Toglieteci tutto, ma non Rory McIlroy

Al netto di Tiger e di un redivivo Phil Mickelson, nel mondo del golf, e soprattutto in quello europeo, si parla sempre e solo di Rory McIlroy.

Rory McIlroy

Per dire: per quanto concerne il prossimo super Scottish Open che scatta giovedì sul links del Renaissance Golf Club a North Berwick, persino il sito dell’European Tour ha indugiato più sull’atteso ritorno di Rory in Scozia, piuttosto che su quello del numero 1 al mondo Jon Rahm.
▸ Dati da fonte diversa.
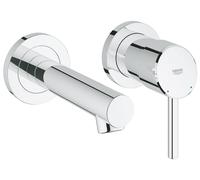 GROHE Grifo para lavabo empotrado Concetto 19575001 – Cromo, 2 orificios, instalación oculta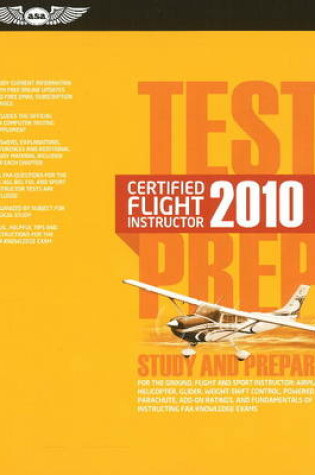 Cover of Certified Flight Instructor Test Prep 2010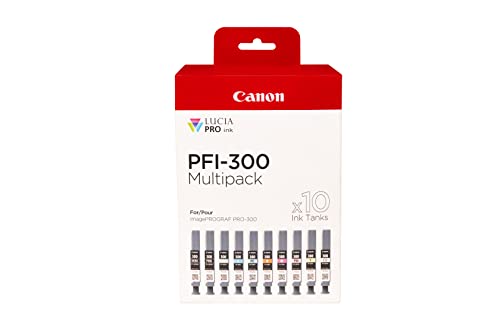 Canon Pfi-300 10Ink Serbatoi Inchiostro Formato Multipack
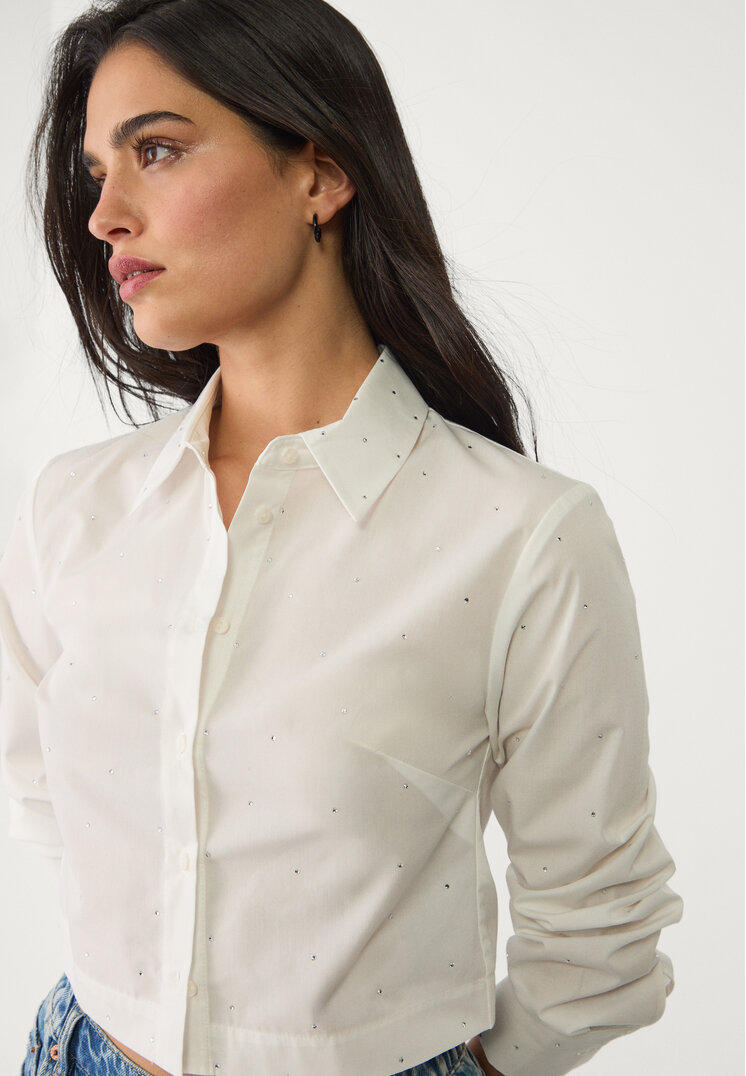 camisa popelin brillos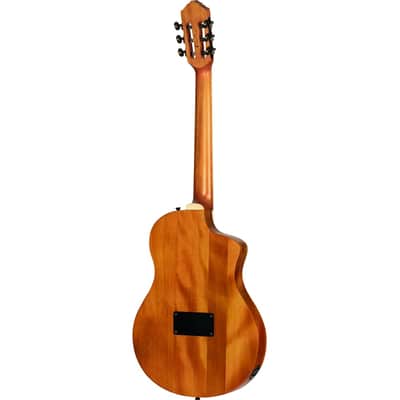 Ortega RTPDLX-FMA-L TourPlayer Series Solid Okoume Body Slim Neck Nylon 6-String Acoustic-Electric Guitar w/Gig Bag For Left Handed Player image 7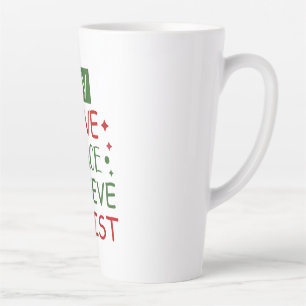 Merry Xmas Joy Liebe Friedensglaube Milchtasse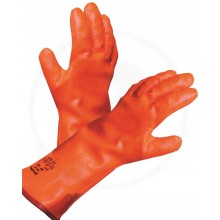 Guante Bil-Vex Pvc Polar Fluo 35 Cm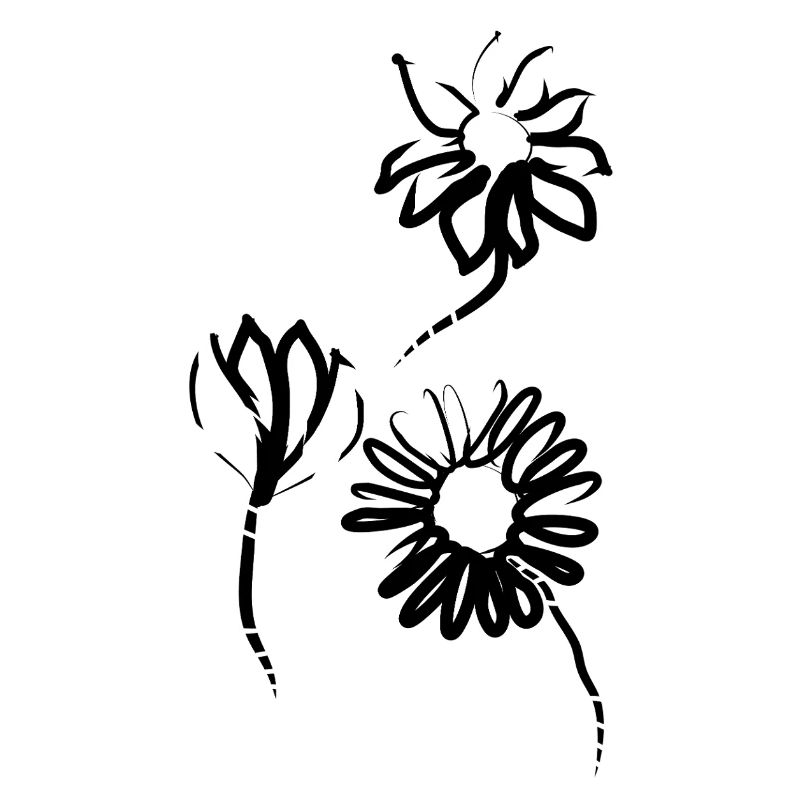 Fleurs dessinées à la main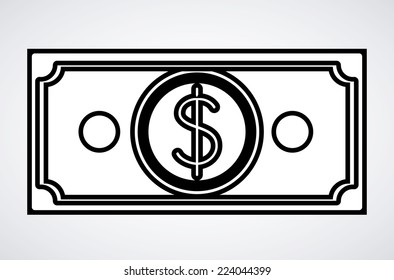Money design over white background, vector illustration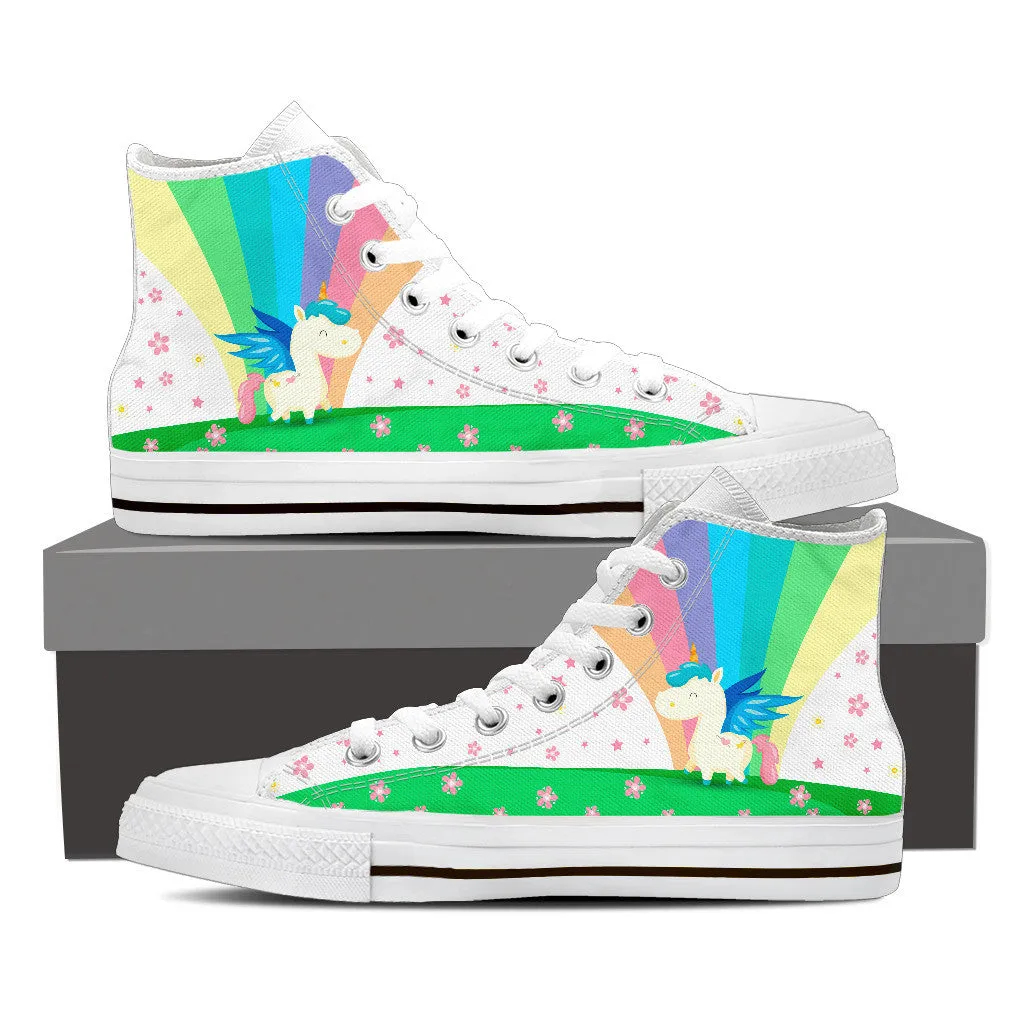 LITTLE UNICORN HIGH-TOP SHOES MENS - FREE SHIPPING WORLDWIDE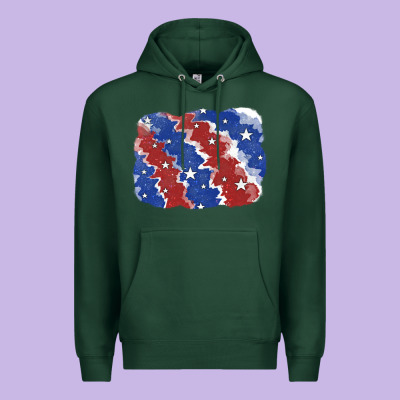 Patriotic Tie Dye Background Premium Hoodie Designed By Cowgirlartshop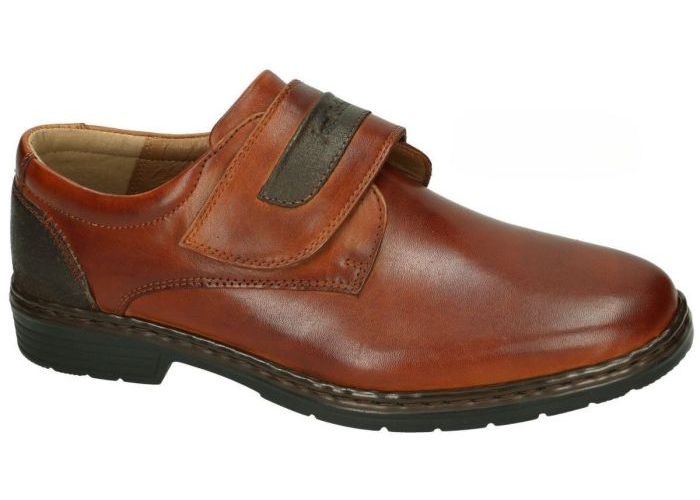 Herenschoenen Josef Seibel GEKLEDE LAGE SCHOENEN ALASTAIR 02 (artikel 42802) Cognac/caramel
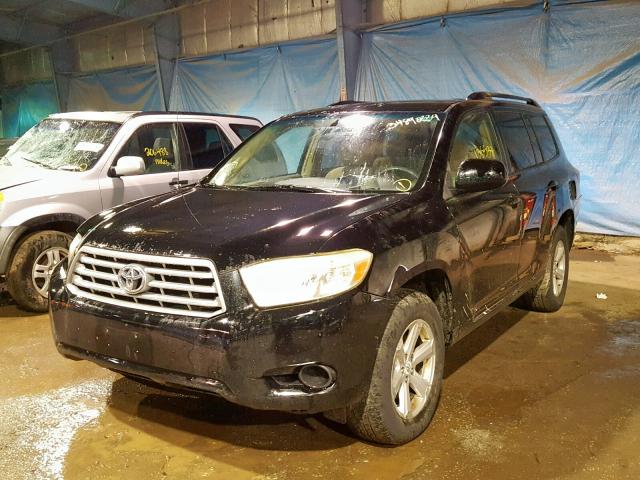 JTEDS41A482058943 - 2008 TOYOTA HIGHLANDER BLACK photo 2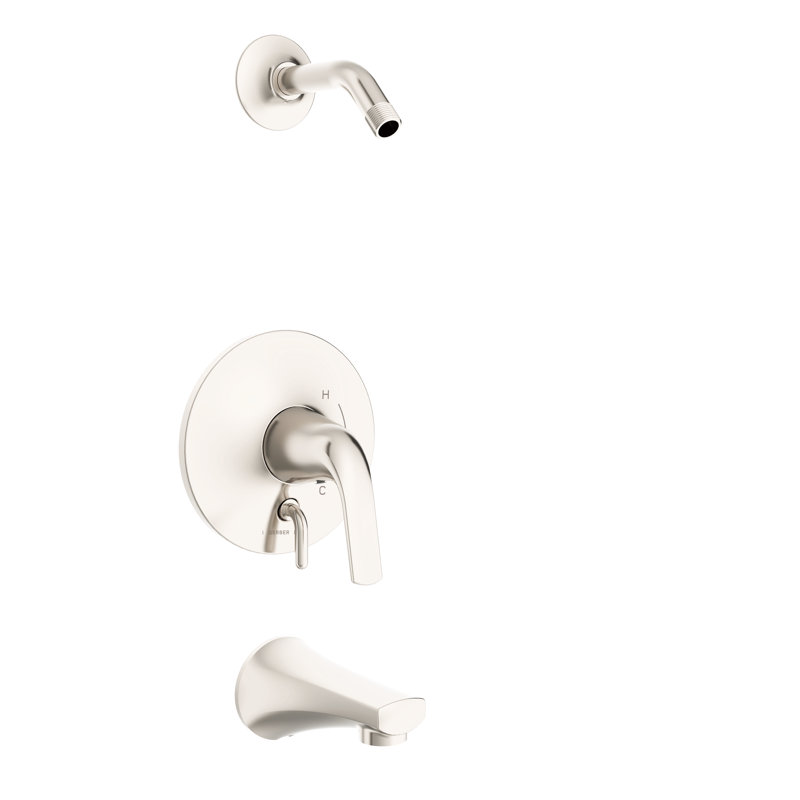 Lemora Tub and Shower Faucet, Brushed Nickel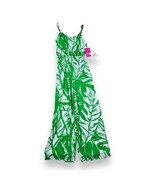 New Lilly Pulitzer x Target Green/White Tropical Jumpsuit Romper Womens ... - £22.12 GBP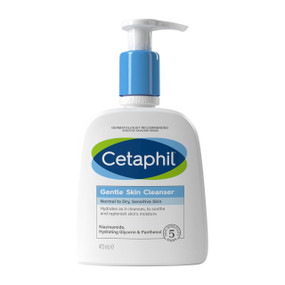 Cetaphil Gentle Skin Cleanser 473-ml- in a blue and white pump bottle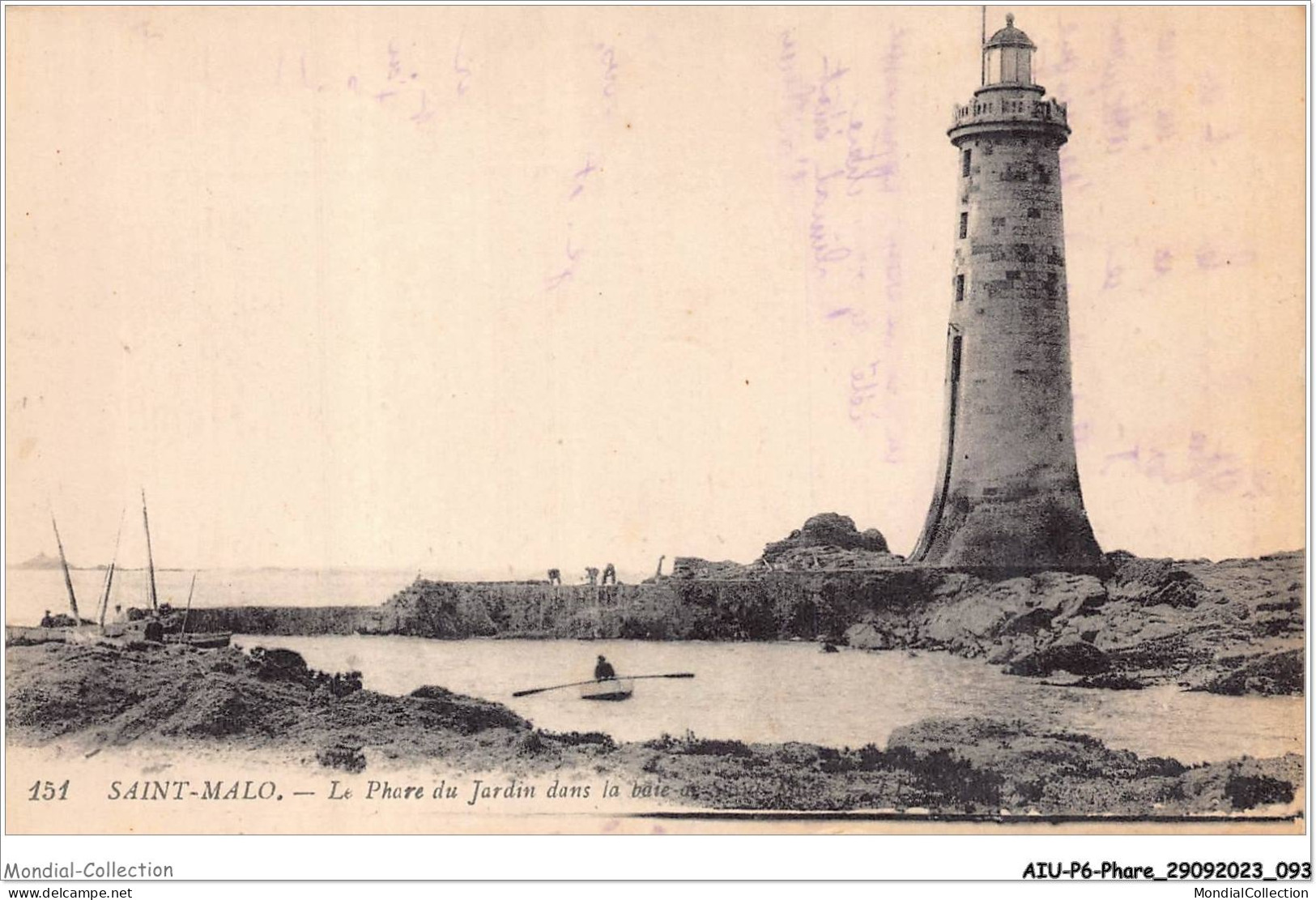 AIUP6-0538 - PHARE - Saint-milo - Le Phare Dasns La Baie - Lighthouses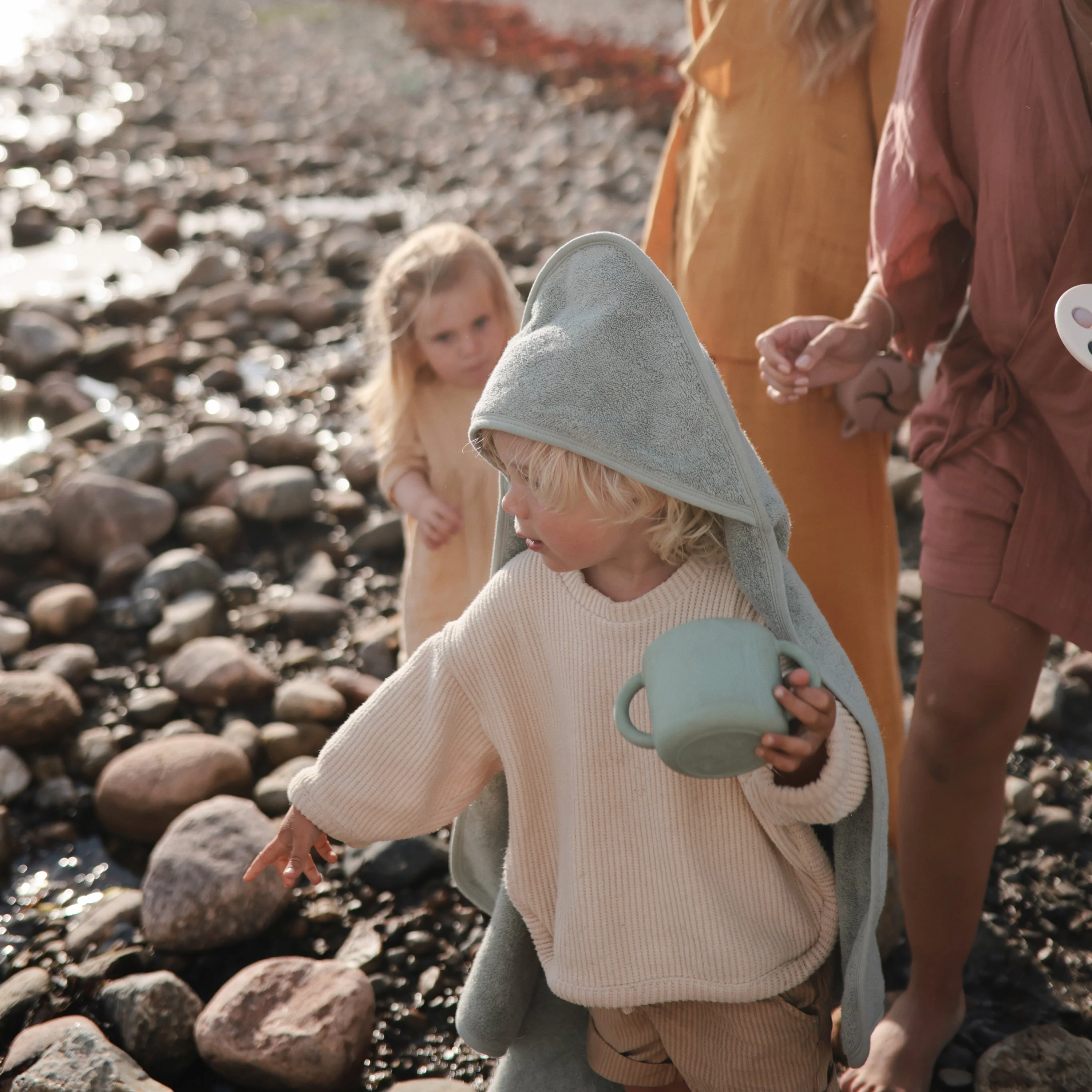 Organic Cotton Baby Hooded Towel - Image 35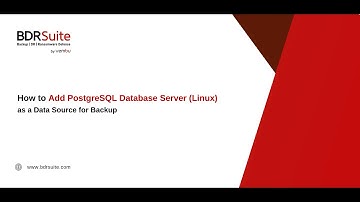 How to Add PostgreSQL Database Server (Linux) as a Data Source for Backup | BDRSuite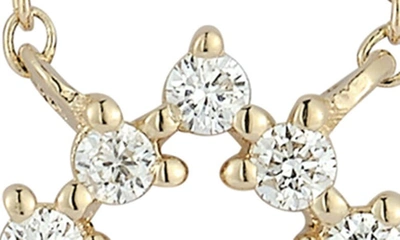 Shop Dana Rebecca Designs Vivian Lily Diamond Teardrop Pendant Necklace In Yellow Gold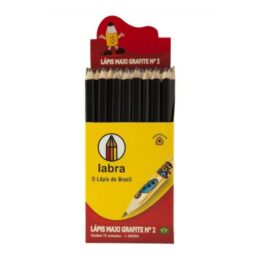 Lapis Preto Nº 2 Redondo C/144 Unidades – Labra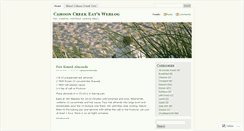 Desktop Screenshot of cahooncreekeats.wordpress.com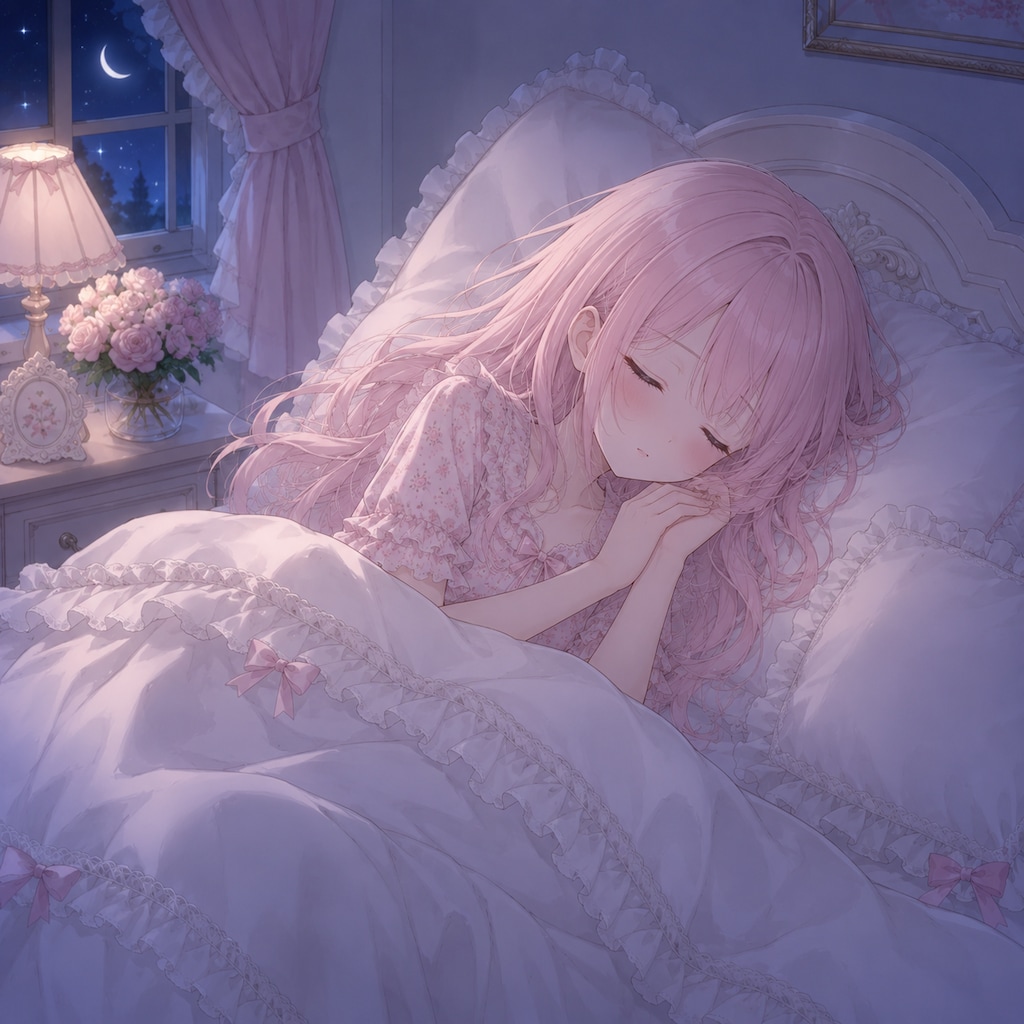 おやすみ🌙（ピンクちゃん）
Perché, verrebbe da domandarsi.

Beh, potreste rispondermi che le cose stanno così, perché Rory accende così tanta energia nelle fantasie dei guardoni delle cose del green, che con quella stessa energia ci si potrebbe illuminare la finale degli europei di Wembley.

Ok, ma allora ribatto: perché il trentenne di Holywood, qualsiasi cosa faccia o dica, ci rende così elettrizzati?

Voglio dire, lo suggeriscono pure i numeri:

su Instagram, l’odierno borsino del valore di un personaggio, Rory vanta 2,1 milioni di follower; Rahm, il numero 1 del mondo, nonché il recente vincitore dello U.S. Open, “appena” 380 mila. E gli altri, potreste chiedervi? Beh, Mickelson è fermo a 1,2 milioni di fan, esattamente come altri due tipini tosti che rispondono al nome di Dustin Johnson e Justin Thomas.

E dunque? Al netto del talento indiscutibile, cosa si nasconde di così magico e attrattivo nel personaggio McIlroy?

Secondo un golf influencer che ha preferito restare anonimo, in generale il successo di pubblico e sui social dipende certamente da vari fattori, ma da uno più degli altri: “Bisogna sapersi porre come un modello di ispirazione per le persone, senza per questo essere né troppo perfetti, né troppo distanti. I fan devono poter pensare di poter diventare come te, perché in fondo non appari così diverso da loro”.

Boom!

Rory McIlroy

 

Inconsapevolmente, Rory ha tutte queste qualità: figlio della classe operaia nordirlandese, ha preso i limoni che la vita gli ha dato, e, non solo ci ha fatto una limonata come suggerisce Beyoncè, ma ci ha aggiunto sale e tequila fino a divenire uno dei giocatori più pagati della storia del golf; a differenza di campioni dai fisici bestiali come DJ, Rahm o DeChambeau, è sì super atletico, ma è al contempo minuto e piccolino come la maggior parte di noi; nonostante la classe stellare, non manca mai di mostrare le sue fragilità in campo e a volte lo fa manco fosse un dilettante allo sbaraglio; ha uno swing inimitabile e meraviglioso, ma qualche volta, all’improvviso, anche la sua tecnica sopraffina collassa in mondovisione; non vince un major dal 2014 e tutti noi abbiamo la sensazione di star aspettando insieme a lui che il destino si commuova e gli lasci finalmente conquistare l’ambita giacca verde; davanti ai microfoni ha personalità: è sempre onesto e mai banale e dice sempre quello che pensa, costi quel che costi.

In definitiva, con lui in giro non sai mai cosa aspettarti.

Ora: mixate tutto questo e avrete un giocatore che in una scala da zero a infarto, vi terrà incollati allo schermo con il defibrillatore a portata di mano. E in fondo, noi guardoni delle cose del golf non chiediamo di più.